Феликс так уж точно, и я не удивилась бы, если бы его племянница вдруг оказалась такой же — хитрой, насмешливой и избалованной.

— Не бойтесь, — сказал он. — Я не знаком с Амелией лично, куда уж мне, но я немало слышал о ее семье, пока жил... вы помните, где, — Шамас посмотрел на меня так, как смотрят на заговорщика, знающего твою особую тайну. — Так что если вы согласитесь задержаться на еще одну чашку кофе, я расскажу вам хорошую историю.

Я бросила вопросительный взгляд на Ренара, не зная, как поступить и сколько еще времени было у нас в распоряжении, и тот кивнул.

— Мы можем задержаться до темноты, господин Раферти, — сказал Ренар. — И даже чуть дольше, если вы разрешите нам одолжить у вас фонарь на обратную дорогу.

***

На гербе старшего сына Короля сиял, окруженный венком из дубовых листьев, золотой силуэт благородного оленя.

Олени преследовали Амелию с самого детства — не только на гербе, украшающем все, чем она владела. Их головы смотрели на Амелию стеклянными глазами со стен в охотничьем домике отца, где они с матерью как-то провели три невероятно скучных часа, потому что у Амелии разболелся живот и леди Катарине пришлось отказаться от наблюдений за охотой на лис. Олени украшали посуду и мебель, светильники и зеркала. Узор вышивки, похожий на оленьи рога, вился по вороту платья, которое Амелия получила на свой седьмой день рождения.
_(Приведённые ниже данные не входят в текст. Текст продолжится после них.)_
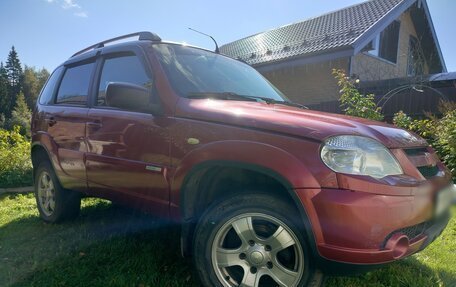 Chevrolet Niva I рестайлинг, 2011 год, 280 000 рублей, 3 фотография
Ради такого ее привезли в Арли, в большой и светлый город, который казался Амелии почти сказочным, ослепительным и чужим. В Арли были реки и камень, стекло и мрамор, блеск зеркал и украшений, а еще там был Король и его Королева. И два их сына, два брата отца Амелии, принца Фредерика: у них обоих были такие же, как у Амелии и ее сестры, Кармиль, волосы цвета бледного золота.

Один из двух этих принцев бывал в Арморике и помнил принцесс. Он смотрел на Амелию, улыбаясь тепло и лукаво, говорил с ней, задавая вопросы и отвечая на те, которые задавала Амелия, будто бы рядом с ним была не маленькая девочка, только недавно научившаяся писать свое имя без клякс и ошибок, а кто-то равный и интересный.
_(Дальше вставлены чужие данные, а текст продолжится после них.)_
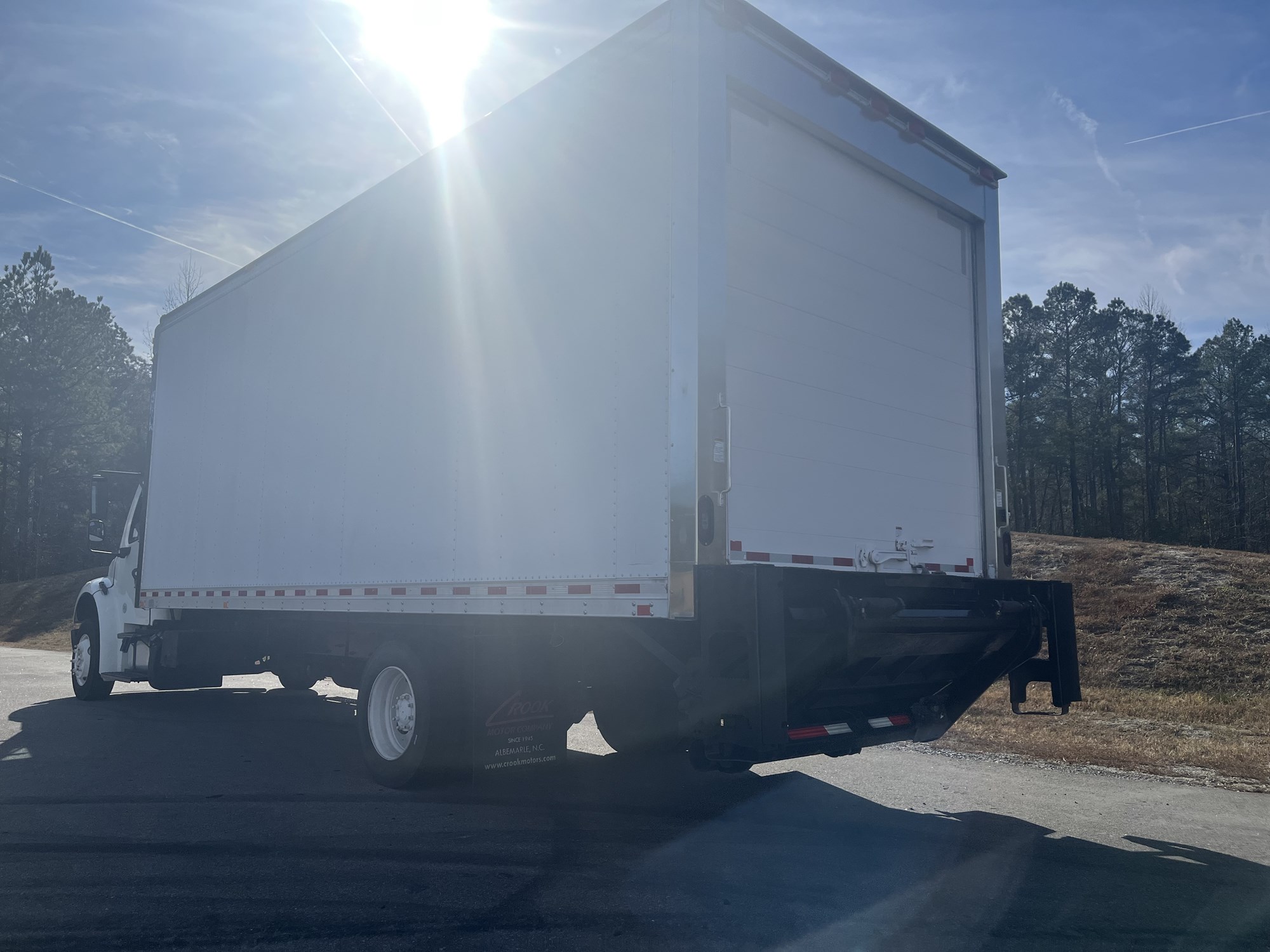 2017 Freightliner M2 106 - image 3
Амелия не думала о нем как о ком-то взрослом, как о своем дядюшке.

Но и о Короле, живущем в прекрасном Дворце-на-Острове, она не думала, как о дедушке. Он был чужаком.
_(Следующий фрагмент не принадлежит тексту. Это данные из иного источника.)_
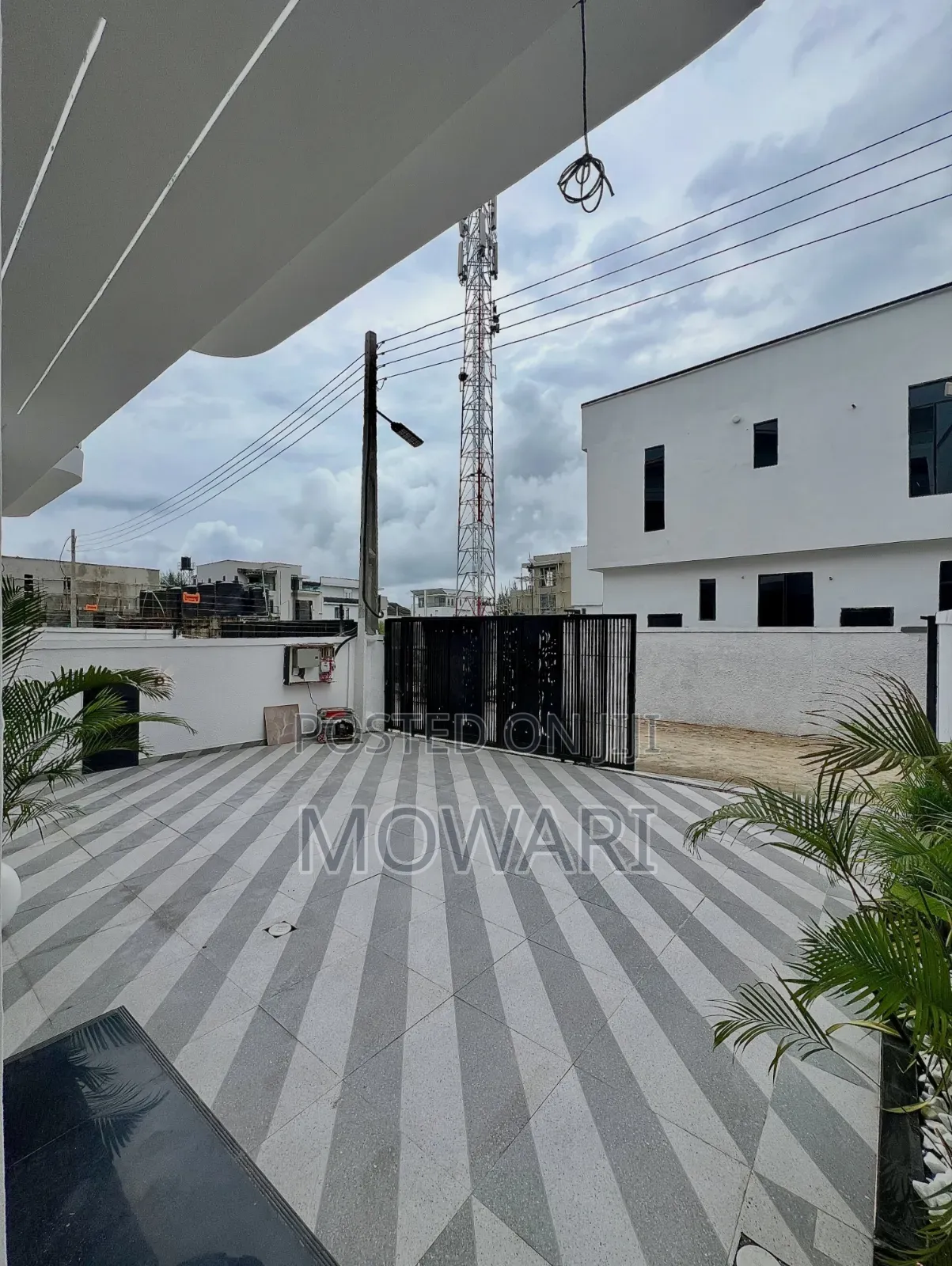 4bdrm Duplex in Lekki Expressway for sale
Холодным, недоступным, прекрасным чужаком, окруженным золотом, мрамором и бархатом. Впрочем, отец Амелии был точно так же далек от нее. Она не знала, правильно это или нет, да и не нужно было это знать: у Амелии была мать, у Амелии была Кармиль, у Амелии была добрая нянюшка, сказки и лес, окружавший их дом.